Now imagine another government servant, say the Chief of the Army Staff, one day does exactly the same thing that the UDC did, except that he calls his figment as PCO instead of CCO. One would imagine exactly the same sequence of events to repeat themselves. People considering this to be a lunatic expression and the government not even bothered to issue a clarification. The civil society does not take to the streets and the constitutional experts do not hold seminars to debate how this illegal lacunae may be resolved. The parliament would not hold a special session to undo the PCO or to restore the judges, for the judges would keep going to their offices as normal. The state institutions, police bureaucracy, ministries, and executives of all kinds would ensure that nothing hinders the judges from performing their routine activities. However the Army being a responsible, law abiding, and disciplined force, would not leave this matter to the local SHO, and instead will decide to take the necessary disciplinary action against this gentleman. After all he violated the precious Army Act by indulging in politics and saying things against the constitution. This is how it would happen in any half civilized country, and this is how it should have happened in Pakistan.

Pakistan does need to explore unique methodologies to undo what was completely illegal and irrelevant to start with. The proclamations of November 3, 2007 were the brainchild of a government servant whose oath and job function debarred him from saying or doing any such thing. We do not have to wait for the arrival of the new parliament to make a grand decision to restore the judiciary. The judiciary was never unseated, for the Army Chief has simply no authority to do so. There is neither a court order nor a decision from the parliament required to restore the judges. All that is needed is that the state institutions enable and ensure that all judges can go back to their jobs as they stood on November 3, 2007. In a situation of a blatant conflict between the delusional desires of an individual and the dictates of the constitution of Pakistan, it should not be a complex assignment for the state institutions to decide which option to take.
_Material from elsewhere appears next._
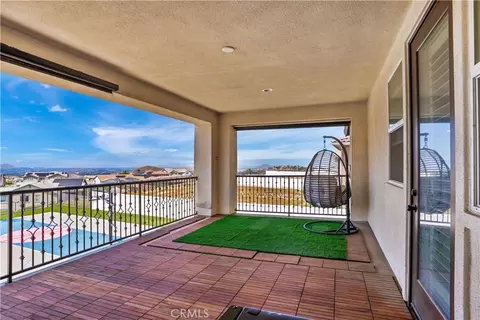 Exterior - 17195 Compass Dr, Riverside, CA 92503 photo 7 of 16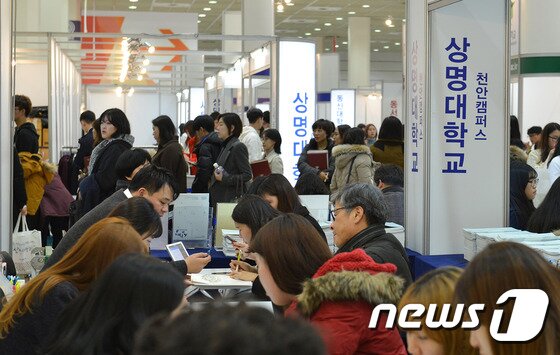 본문 이미지 - 코엑스에서열린2017년입학홍보박람회에서입시생들에게 큰 관심을 모았던 상명대천안캠퍼스부스ⓒ News1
Acting in accordance with the dictates of their conscience and constitution, they should immediately facilitate all judges to resume their responsibilities from where they left on November 3, 2007. Any state institution not doing so is itself guilty of violating the constitution.

Perhaps the matters that the new parliament may look into are why the state institutions including members of their own clan were in such a hurry to rubber stamp such illegal arrangements. Why did the government functionaries (except for the sixty honourable judges) not refuse to obey the blatantly illegal orders of the Army Chief. Perhaps the Army also needs to implement its own accountability process for those who violated the Army Act (besides the constitution of Pakistan). By bringing the violators to justice, we may forever be able to get rid of our seven yearly PCO itch. Alternately we should start tightening our seat belts and brace up for a yet another déjà vu in not too distant future.